For the iterator protocol you create both an __iter__ and __next__ method. However, what about the following case:
class Item:
def __init__(self):
self.name = 'James'
def __iter__(self):
return self
Now I can do:
>>> i=Item()
>>> iter(i)
<__main__.Item instance at 0x10bfe6e18>
But not:
>>> next(i)
Traceback (most recent call last):
File "<stdin>", line 1, in <module>
TypeError: instance has no next() method
As far as I'm aware, the definition of iterator/iterable is:
Iterable has the method __iter__
Iterator has the method __next__
Would this then mean that my item above is an Iterable but not an Iterator?

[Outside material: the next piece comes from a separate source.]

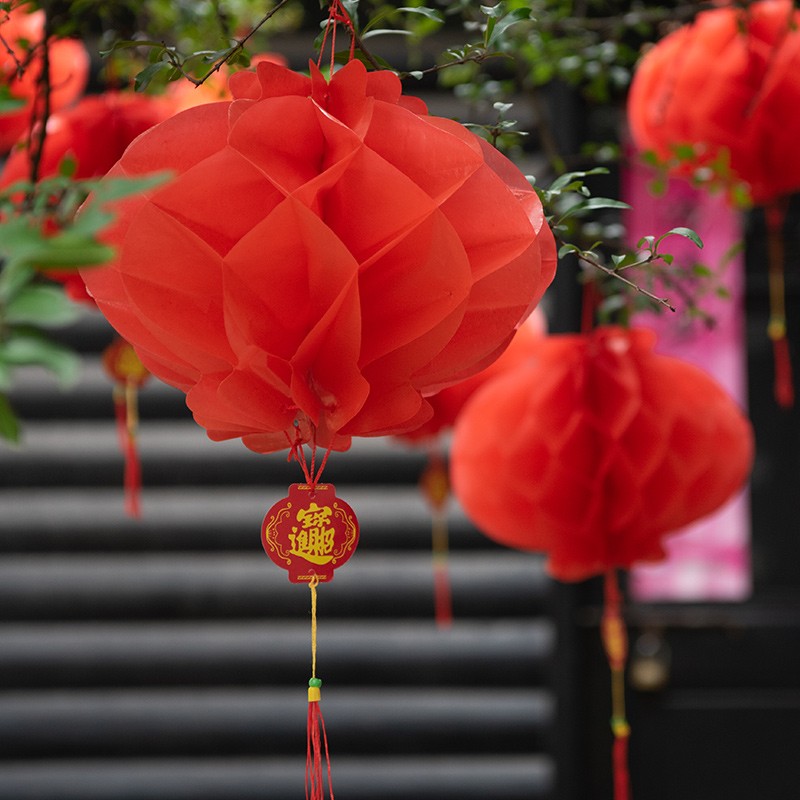 新年装饰灯笼挂饰春节新年布置灯笼小红灯笼新年装饰品商场灯笼挂饰拉花拉旗 蜂窝灯笼A款(长10cm直径12cm(10个装)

Or would it be neither because doing the following wouldn't work:
>>> for item in i:
... print (item)
...
Traceback (most recent call last):
File "<stdin>", line 1, in <module>
TypeError: instance has no next() method
Note this would be the full class that has the iterator methods defined:
class Item:
def __init__(self):
self.name = 'James'
self.i = 0
def __iter__(self):
return self
def __next__(self):
if self.i >= len(self.name): raise StopIteration
value = self.name[self.i]
self.i += 1
return value
You're mostly right with your definitions, but not quite.
An object is iterable if it has an __iter__ method that returns an iterator.
An object is an iterator if it has a __next__ method to get the next value while iterating. But iterators in Python are also expected to be iterable. They should all have an __iter__ method that returns self.
Your first example has an __iter__ method, but because it returns self and the object is not an iterator (since it has no __next__ method), it's not really a valid iterable either.
To make a non-iterator iterable, you need to return some other object that is a valid iterator. One sneaky way to do it is to make __iter__ a generator method (by using yield in its implementation). But if you have some sequence of values to return, you could also just return an iterator over that sequence.
The class in your last code block is indeed an iterator. But if you wanted to make it an iterable that is not its own iterator (perhaps because you want to be able to iterate over it several times), you would probably want something more like this:
class Item:
def __init__(self):
self.name = 'James'
def __iter__(self):
return iter(self.name)
__iter__ and __next__, as iterable and iterator, are different things. And although it is possible to have both methods on the same class, with __iter__ returning self, this would work only for proof of concepts, not for production code.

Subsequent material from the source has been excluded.